Surprise, surprise. I was woken at seven (can’t complain too much, but not exactly a lie in) by Imi and Peter with a “Mum Rules” mug and two trays of breakfast delights for us to spill on the sheets. And yes, the sheets were filled with scratchy crumbs when I got to bed that night and there was jam on the duvet cover. They’d also been up to some baking………. Just in case you haven’t read my blog before and assume that I have two children, Peter is in his fifties, Imi was seven at the time. They managed to confuse tablespoons for the teaspoons of baking powder in the recipe so that the chocolate cake literally erupted leaving a small chewy biscuit in the bottom of the cake tin and a rather large cowpat of molten chocolate lava burnt onto the bottom of the oven.

SO….if you’re reading Peter (or any father for that matter, who might just manage to steer proceedings in their own household) This is my dream Mother’s day morning.

Having a lengthy doze in bed whilst Imi spends a ridiculous amount of time laying a beautiful table, adorning it with a few flowers (provide a suitably small vase or the garden/window box could be decimated) and serving up some fabulous homemade treats. Imi and I have been cooking and baking together quite a lot recently so she’d be up to scratch with some muffins….. But, my dessert island option would be this homemade honey granola with tangy rhubarb compote and a bowl of Greek yoghurt.

Jenny Chandler granolaHomemade Granola

50 g unsalted butter or 4 tablespoons of coconut oil
150 g honey, maple syrup (or even,at a push, golden syrup)
300 g rolled oats
150 g raw nuts such as cashews, almonds, hazelnuts or pistachios
100 g seeds such as pumpkin or sunflower
100 g dried fruit such as apricots or figs, roughly chopped

Preheat the oven to 150 ºC.

Add the butter and honey/syrup to a large saucepan (it’s a good idea to weigh the syrup directly into the pan set over the scales or you will have lots to wash up).

Now heat until the butter has melted and then stir in your other ingredients until everything is well coated.

Pour the mixture onto 2 lined roasting trays and bake in the oven for about 30 minutes. Stir a couple of times along the way so that the granola gets evenly and wonderfully tasty. Once golden, leave to cool and then store in an airtight container.

Try
-Adding a splash of rosewater or vanilla extract to the honey and butter mixture
-Stirring a good pinch of cinnamon or ginger into the oats for the last 5 minutes of baking.
-Throwing raisins, toasted sesame seeds, dried cherries, cranberries or barberries or  roasted coconut slices into the granola once it is ready.

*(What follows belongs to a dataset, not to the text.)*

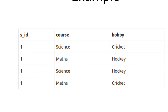There is a student who has 2 courses and 2 hobbies. There are 2 students who have 2 courses and 2 hobbies. There is a science and math course, with 4 rows total. The course and hobby are related to each other, so there is multi-value dependency, which leads to unnecessary repetition of data and other anomalies as well.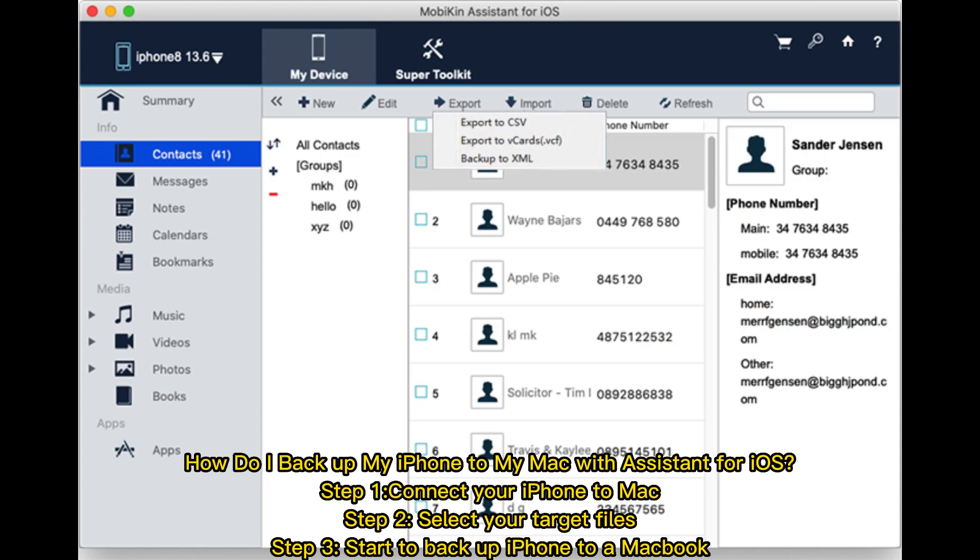How do I backup my iPhone to my Mac with Assistant for iOS? Step 1: Connect your iPhone to Mac. Step 2: Select your target files. Step 3: Start to backup iPhone to a Macbook.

The granola is delicious eaten with milk or yoghurt but a spoonful of fruit compote is the icing on the cake.

Rhubarb Compote

– to make a large jar
About 500 g of rhubarb chopped into large chunks
Juice of 1 orange
75 g light brown sugar (such as muscovado)

Put all the ingredients together in a pan and simmer gently for about 5 minutes until just soft.

Remove about a third of the rhubarb pieces and then blend the remaining rhubarb and juices to make a thick compote. Replace the rhubarb pieces, leave to cool and serve.

Try
-Replacing the orange and sugar with a couple of knobs or crystallized ginger and a few tablespoons of the syrup.
-Eating the compote with icecream, folding into a rhubarb fool or layering in a trifle.
-Making other fruit compotes with raspberries, plums, apples or whatever is in season.
-Freezing in old yoghurt pots for quick fix fruit smoothies when whizzed up with yoghurt.

Ideally, weather permitting, breakfast would be in the garden. There’s so much going on out there right now – hellebores, daffodils and some pretty rampant frogs.

I’d better add, just in case anyone thinks that I’m an ungrateful old bag, that I fully appreciated all last year’s efforts – crumbs, encrusted ovens and all. The best bit of the entire day was getting Imi’s  carefully drawn voucher for a 1000 hugs, to be used through the year.

And just a bit of history about Mothering Sunday

You’ll be pleased to hear that some indulgent eating has always been tied up with the traditional Christian Mothering Sunday celebrations that gave us today’s, often more secular, Mother’s Day. In the Downton Abbey era Mothering Sunday was the one and only day of the year that every servant had a holiday; the time to go home to their “mothering” church where they were baptised. It was the family get-together of the year and the story goes that everyone gathered wild flowers from the hedgerows for their mothers as they made their way home. Other classic names for the day are Mid-Lent Sunday or Refreshment Sunday as the church allowed us to break the Lenten fast with Simnel cakes and puddings. So, all in all a day of joy and very good excuse for a feast.